Records from a data source:

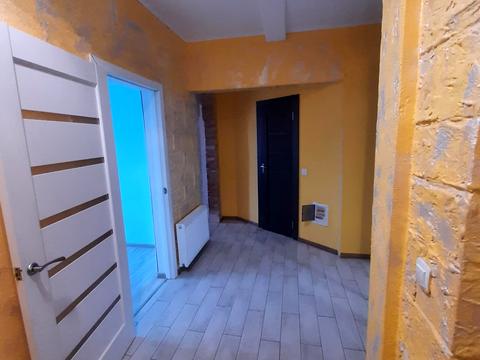 квартира за адресою Харківське шосе, 19-Б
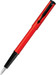Parker Beta Standard Calligraphy Fountain Pen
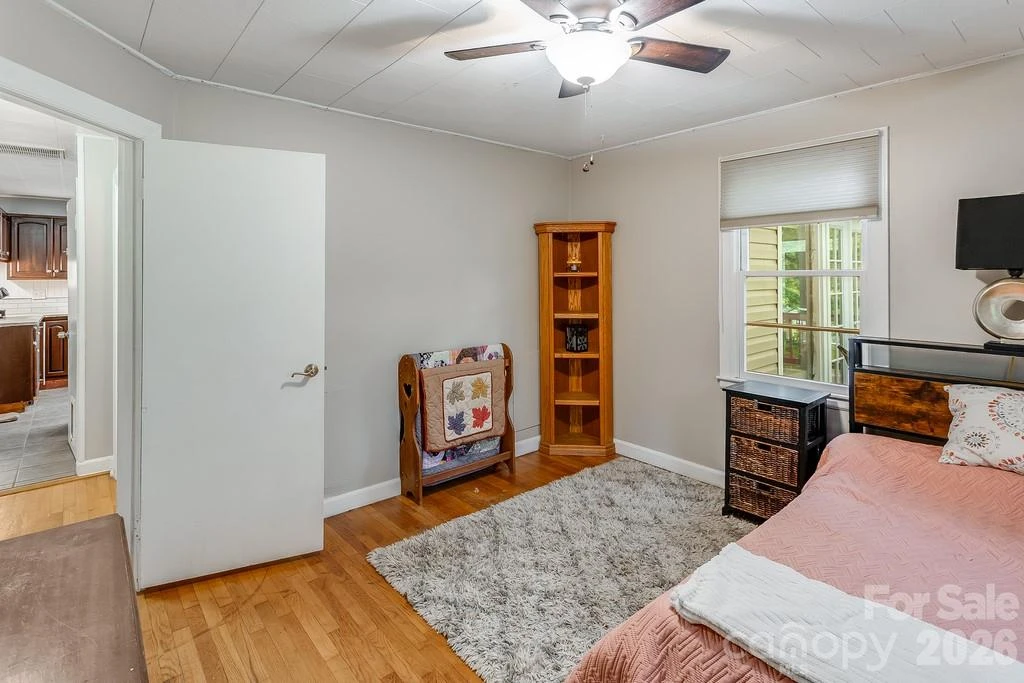 3 Odie Lane - Photo 24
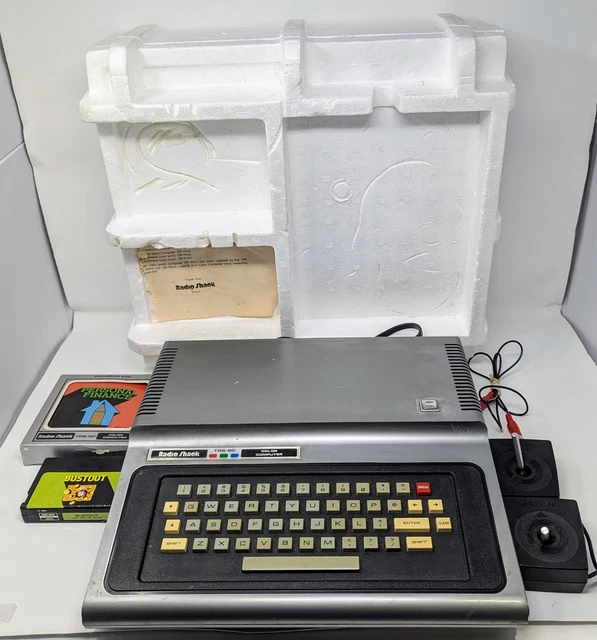 Macbook Pro 13インチEarly 2015 i7 3.1GHz Vintage Computers & Mainframes, Vintage Computing, Computers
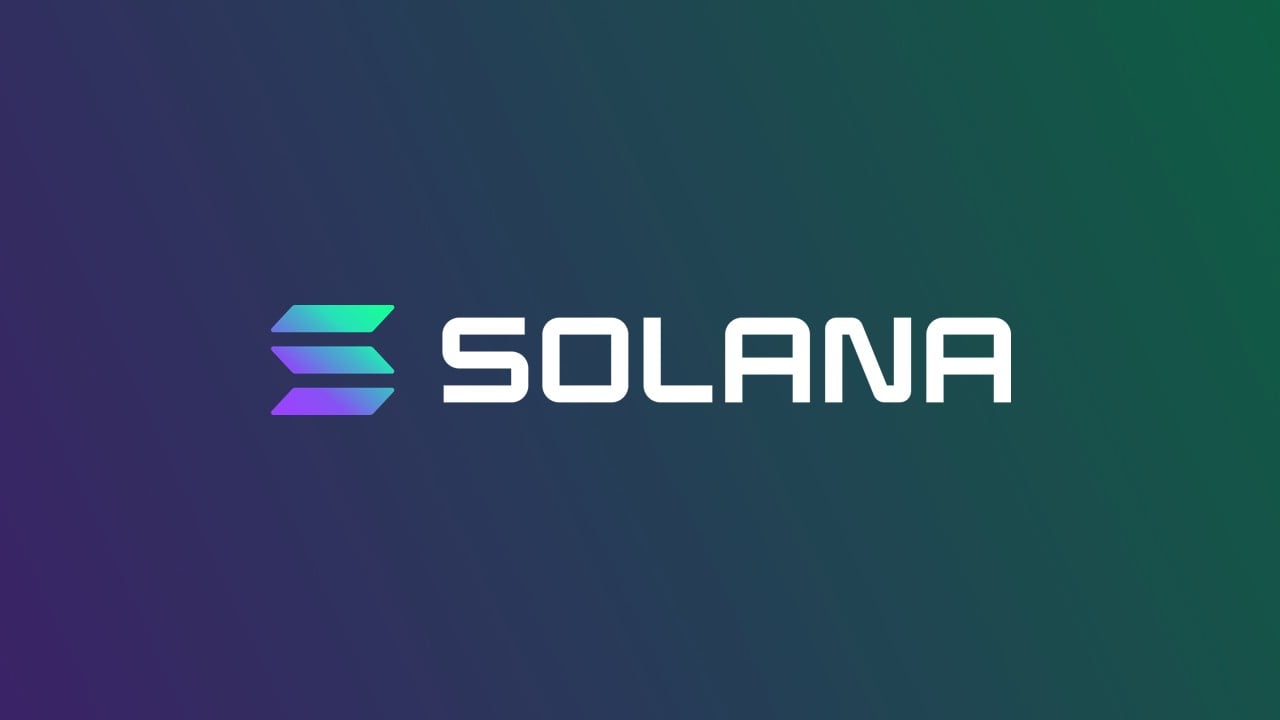 SkyAI sells Solana treasury, initiates $201M tender offer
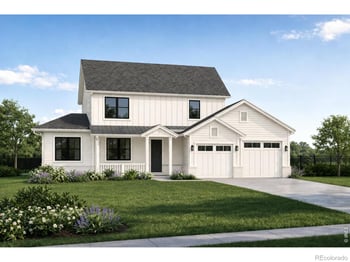 850 Peakview Pl, Longmont, CO 80503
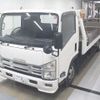 isuzu elf-truck 2007 -ISUZU 【習志野 100ｽ56】--Elf NPR85AN-7000623---ISUZU 【習志野 100ｽ56】--Elf NPR85AN-7000623- image 5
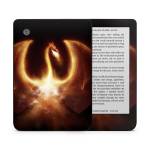 Fire Dragon Kobo Clara 2E Skin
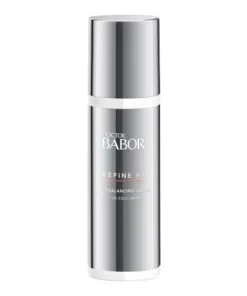 Babor Doctor Babor Refine RX Rebalancing Liquid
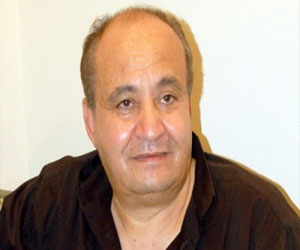   مصر اليوم - تأجيل تصوير من دون ذكر أسماء حتى تهدأ الأوضاع في مصر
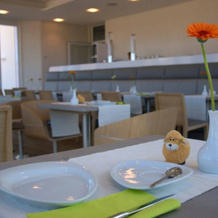 TAOme Feng Shui Stadthotel Breisgau, 埃门丁根 — 照片 5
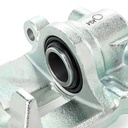 BRK-CAL-RID-CHR-NEW-0055 #3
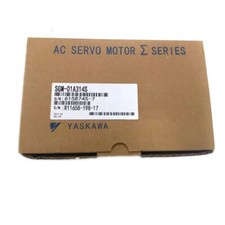 SGM-01A314S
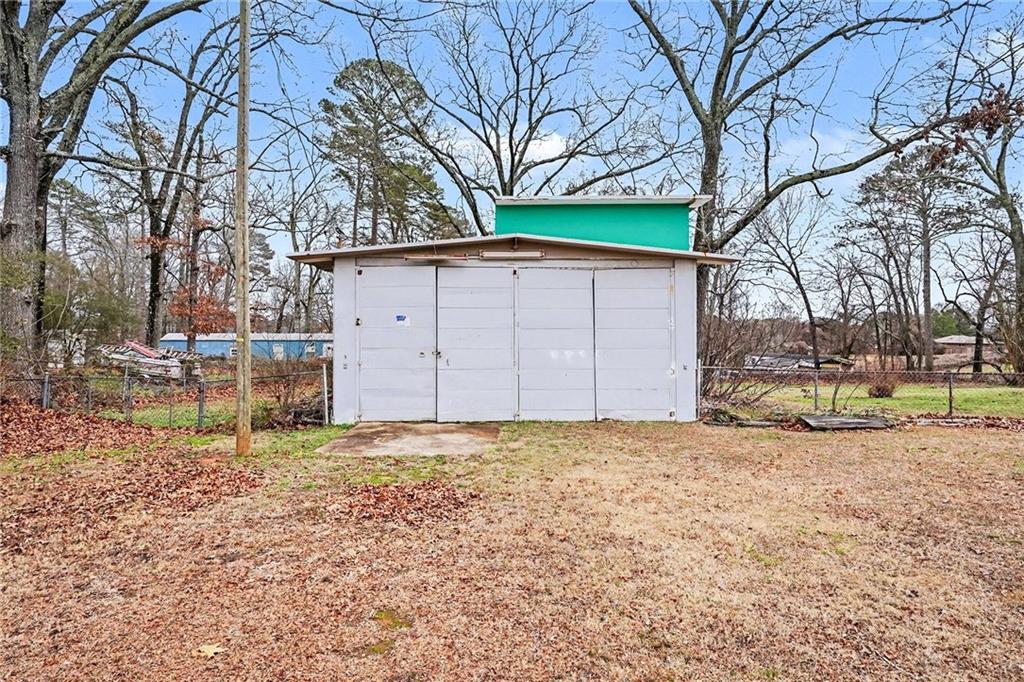 123 Cowan Road Covington, GA 30016 - Photo 35 of 37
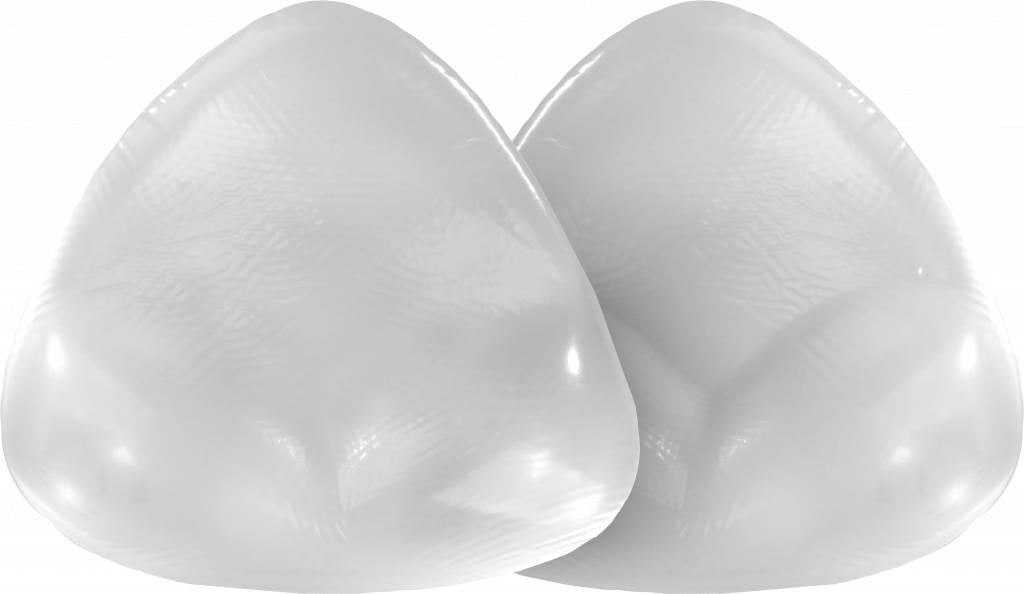 Waterproof Push-Up Pads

WHAT YOU NEED TO DO:
When you reach the line that contains "Macbook Pro 13インチEarly" in the records above, copy it and every line after it exactly through the last one, leaving out the pictures.

RESPONSE BOX:
 Macbook Pro 13インチEarly 2015 i7 3.1GHz Vintage Computers & Mainframes, Vintage Computing, Computers
 SkyAI sells Solana treasury, initiates $201M tender offer
 850 Peakview Pl, Longmont, CO 80503
 isuzu elf-truck 2007 -ISUZU 【習志野 100ｽ56】--Elf NPR85AN-7000623---ISUZU 【習志野 100ｽ56】--Elf NPR85AN-7000623- image 5
 Fire Dragon Kobo Clara 2E Skin
 Babor Doctor Babor Refine RX Rebalancing Liquid
   مصر اليوم - تأجيل تصوير من دون ذكر أسماء حتى تهدأ الأوضاع في مصر
 TAOme Feng Shui Stadthotel Breisgau, 埃门丁根 — 照片 5
 BRK-CAL-RID-CHR-NEW-0055 #3
 SGM-01A314S
 123 Cowan Road Covington, GA 30016 - Photo 35 of 37
 Waterproof Push-Up Pads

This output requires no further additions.